KADINLAR GÜNÜ KUTLU OLSUN (MU?)

8 Mart 1857 tarihinde New York’taki bir tekstil fabrikasında 40.000 işçi grev yapmıştı. Grevin gerekçesi ise, daha iyi çalışma koşulları elde etmekti. Ancak yapılan bu grev sonucunda polisin işçilere saldırmasıyla birlikte çıkan kargaşa ve yangında, çoğu kadın 129 işçi hayatlarını kaybetmişti.

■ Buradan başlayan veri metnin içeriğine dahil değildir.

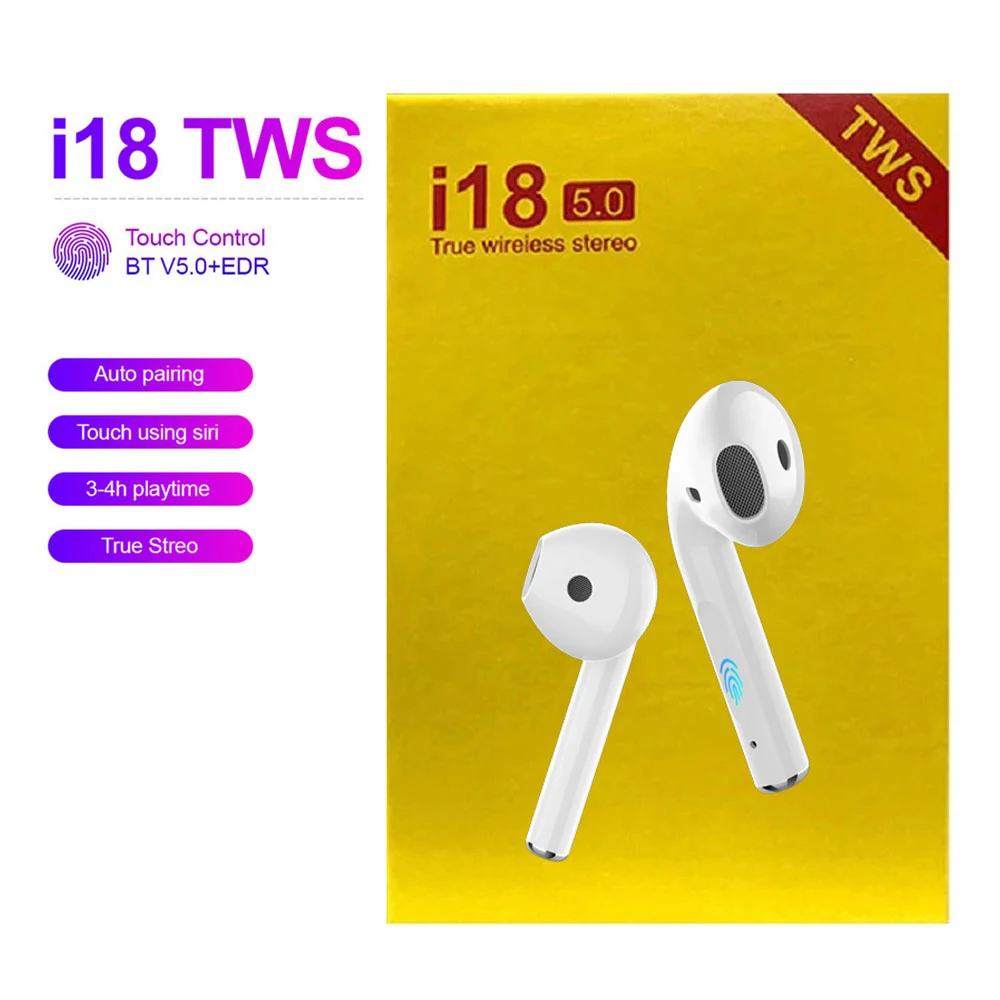 

Оригинальные беспроводные наушники i18 TWS Bluetooth 5,0 гарнитура наушники для Apple Android Samsung Xiaomi PK i7S i9s i12 i11 i14 PRO TWS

1910 yılında Kopenhag’da 2. Sosyalist Enternasyonal’e bağlı toplanan Uluslararası Sosyalist Kadınlar Konferansı’nda, 8 Mart 1857 tarihindeki tekstil fabrikası yangınında ölen kadın işçiler anısına, 8 Mart tarihinin "Emekçi Kadınlar Günü" olarak kutlanması kararlaştırılmıştır. 1921 yılında Moskova'da toplanan 3. Uluslararası Kadınlar Konferansı'nda bu günün “Dünya Emekçi Kadınlar Günü” olarak kutlanmasının ilan edilmesinden ardından, Birleşmiş Milletler Genel Kurulu, 16 Aralık 1977 tarihinde 8 Mart'ın "Dünya Kadınlar Günü" olarak kutlanmasını kabul etmiştir.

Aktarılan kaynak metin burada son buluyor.